Fri | May 8, 2026

UNITED NATION - Palestinians: Israel trying to impose settlement

Published:Thursday | July 22, 2010 | 12:00 AM

AP:

The Palestinian United Nations (UN) envoy accused Israel yesterday of talking peace while carrying out "illegal schemes" to impose the settlement it wants before negotiations start on a peace agreement.

Riyad Mansour told the UN Security Council the actions, including settlement construction and demolition of Palestinian homes in East Jerusalem, more than 900 military incursions in the West Bank and the arrest of more than 380 Palestinians in the last two months, are seriously hampering progress in indirect talks with Israel mediated by the United States.

He said the Security Council and the Quartet of Mideast peacemakers - the UN, the United States (US), the European Union and Russia - must stop appeasing Israel and consider collective actions to make the Jewish state comply with its international obligations and salvage a two-state solution "within an accelerated timeframe".

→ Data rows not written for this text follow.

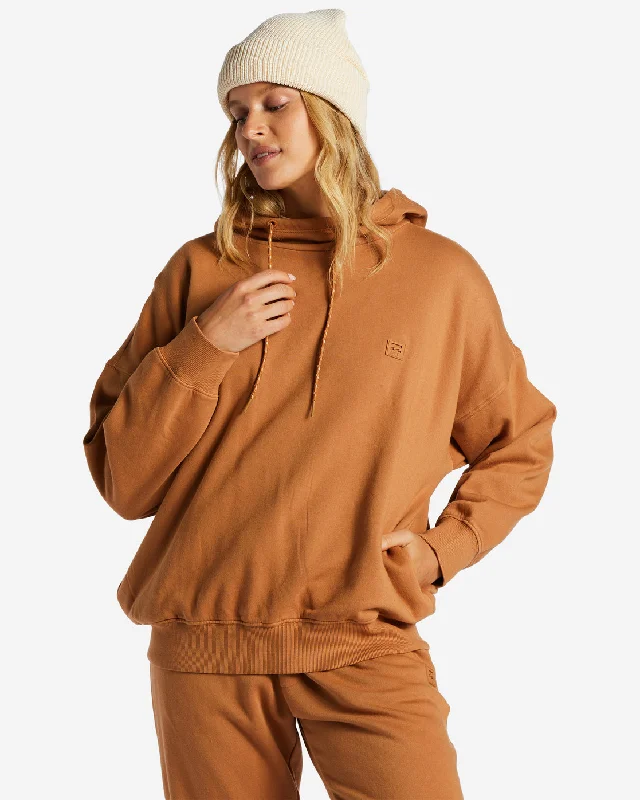 Halifax Hoodie - Caramel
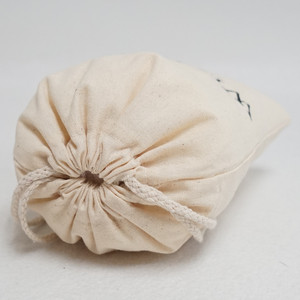 Sac en coton mousseline avec cordon de serrage, logo personnalisé, transfert thermique, écologique, réutilisable, pochette à bijoux, vente promotionnelle, sac en coton - Product Image 6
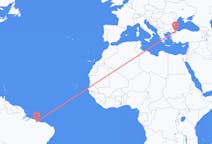 Flyrejser fra São Luís, Brasilien til Istanbul, Tyrkiet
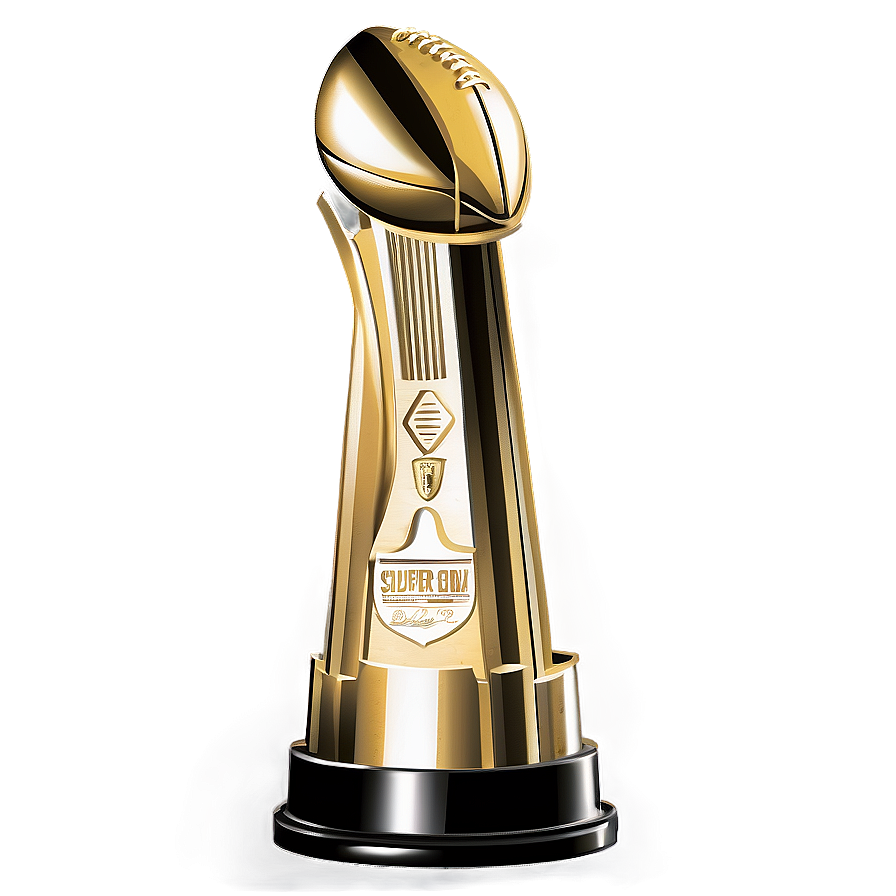 super bowl trophy png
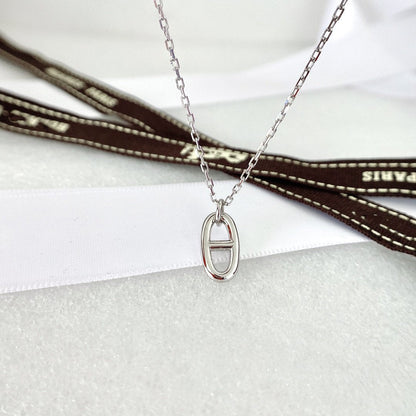 [Vintora]HM PIG NOSE NECKLACE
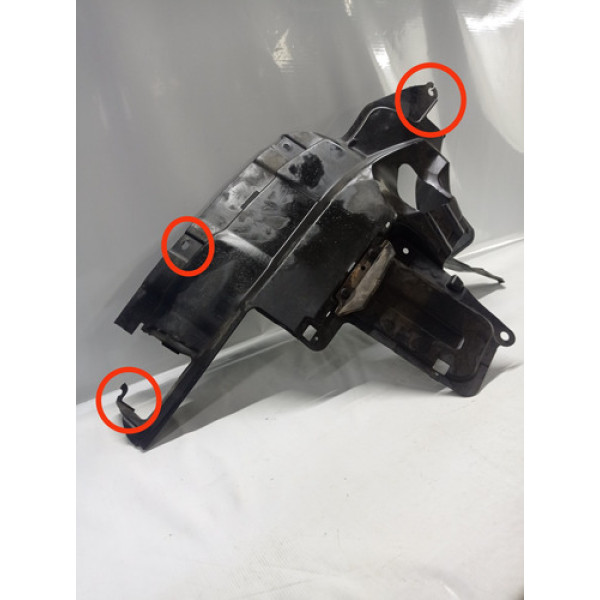 Defletor Parabarro Dianteiro Direito Honda Crv 2009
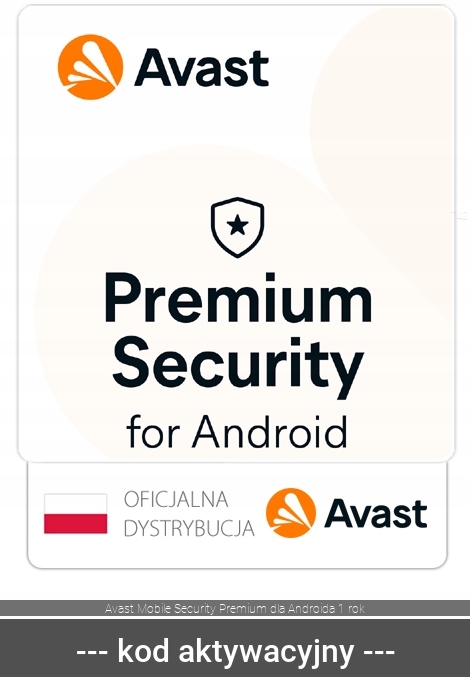 Avast Mobile Security Premium Dla Androida 1 Rok - Sklep, Opinie.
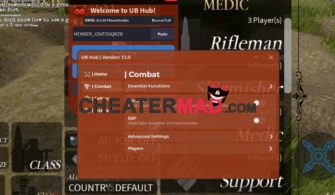 Entrenched Script – AimBot, Esp Gui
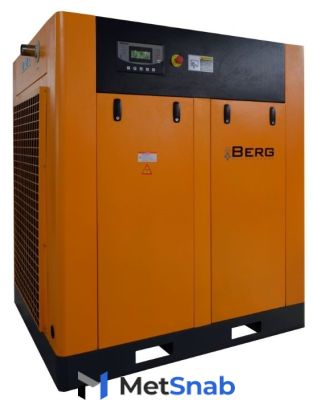 Компрессор масляный BERG Compressors ВК-75 10, 75 кВт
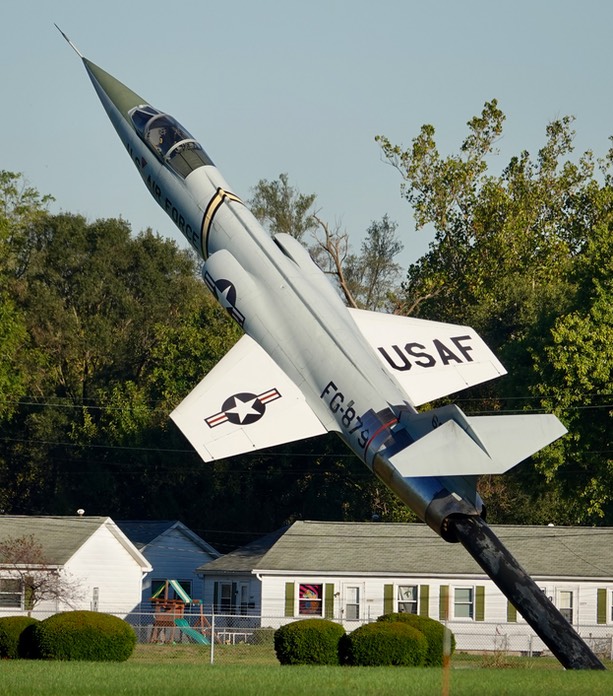 Lockheed F-104A Starfighter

Israel's UN Ambassador Gabriela Shalev reiterated that it was time to move from indirect talks to direct negotiations with the Palestinians with no preconditions and no delays, saying this is "the only path to bridge the existing gaps" between the two sides.

She stressed that Israeli recognition of a Palestinian state must be met with an acknowledgement of Israel's right to exist as the homeland for the Jewish people, which the Palestinians refuse to do because they want a right of return for Palestinian refugees.

Mutual recognition

"Through such mutual recognition, we can take tangible steps towards promoting coexistence, eliminating incitement and combating terrorism" and make "courageous decisions ... for the sake of peace," Shalev said.

Mansour reiterated the Palestinian position that a total settlement freeze is essential before direct negotiations start, and he accused Israel of refusing to adhere to past commitments including those it agreed to at the Mideast summit in Annapolis, Maryland, in November 2007 which was supposed to relaunch negotiations and end in a peace agreement by the end of 2008.

Israeli-Palestinian talks ended in late 2008 without agreement on an Israeli proposal for a Palestinian state that would comprise Gaza, about 95 per cent of the West Bank and parts of Jerusalem, with exchanges of land to make up the difference and a corridor through Israel linking the two territories. Israel also agreed to take in some refugees, but not the millions that the Palestinians count.

US deputy ambassador Brooke Anderson said the gaps between Israel and the Palestinians had narrowed during indirect talks over the past two months mediated by US special envoy George Mitchell and she called for direct talks "as soon as possible" to further narrow the differences.